**Items from a dataset:**
>>>
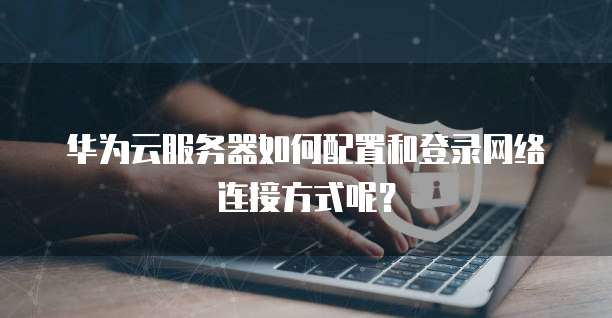 华为云服务器如何配置和登录网络连接方式呢?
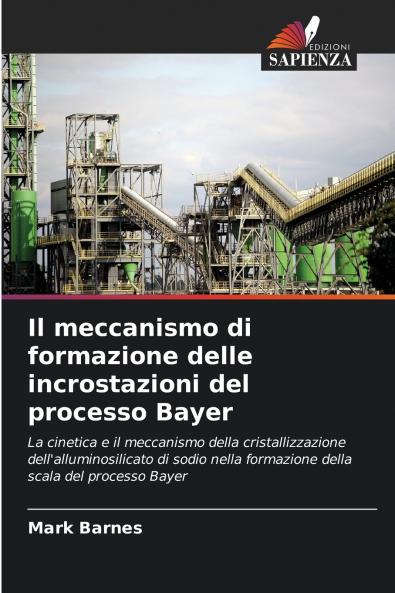 Il meccanismo di formazione delle incrostazioni del processo Bayer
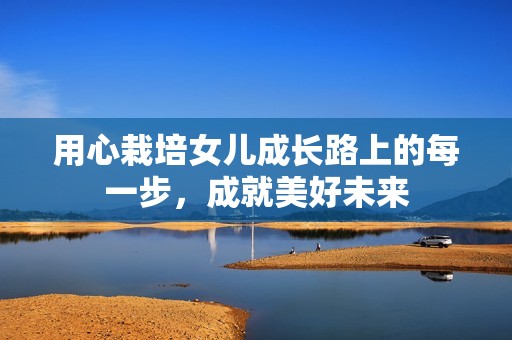 用心栽培女儿成长路上的每一步，成就美好未来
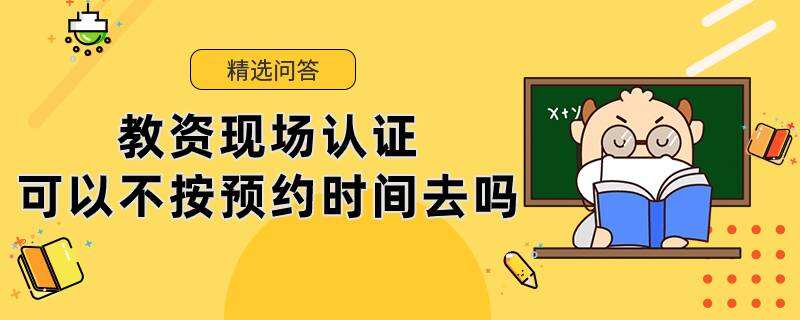 教資現(xiàn)場認證可以不按預(yù)約時間去嗎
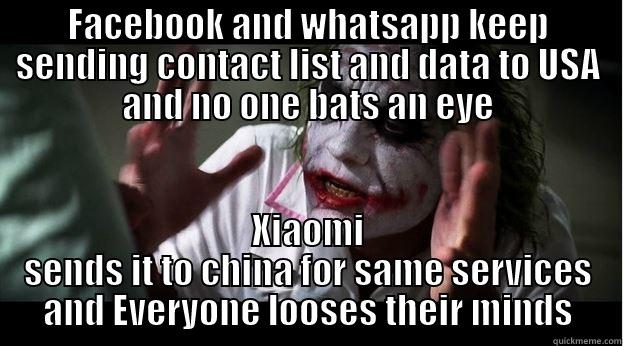 FACEBOOK AND WHATSAPP KEEP SENDING CONTACT LIST AND DATA TO USA AND NO ONE BATS AN EYE XIAOMI SENDS IT TO CHINA FOR SAME SERVICES AND EVERYONE LOOSES THEIR MINDS Joker Mind Loss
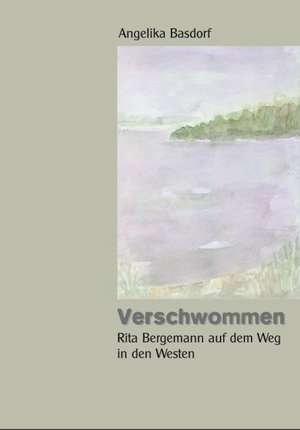 Verschwommen. Rita Bergemann auf dem Weg in den Westen de Angelika Basdorf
<<<
**TASK GOAL:**
Only the lines from the one containing "Il meccanismo di" through the last line of the data belong in the copy, both included and reproduced exactly. Pictures do not.

**EXERCISE SOLUTION:**
 Il meccanismo di formazione delle incrostazioni del processo Bayer
 用心栽培女儿成长路上的每一步，成就美好未来
 教資現(xiàn)場認證可以不按預(yù)約時間去嗎
 FACEBOOK AND WHATSAPP KEEP SENDING CONTACT LIST AND DATA TO USA AND NO ONE BATS AN EYE XIAOMI SENDS IT TO CHINA FOR SAME SERVICES AND EVERYONE LOOSES THEIR MINDS Joker Mind Loss
 Verschwommen. Rita Bergemann auf dem Weg in den Westen de Angelika Basdorf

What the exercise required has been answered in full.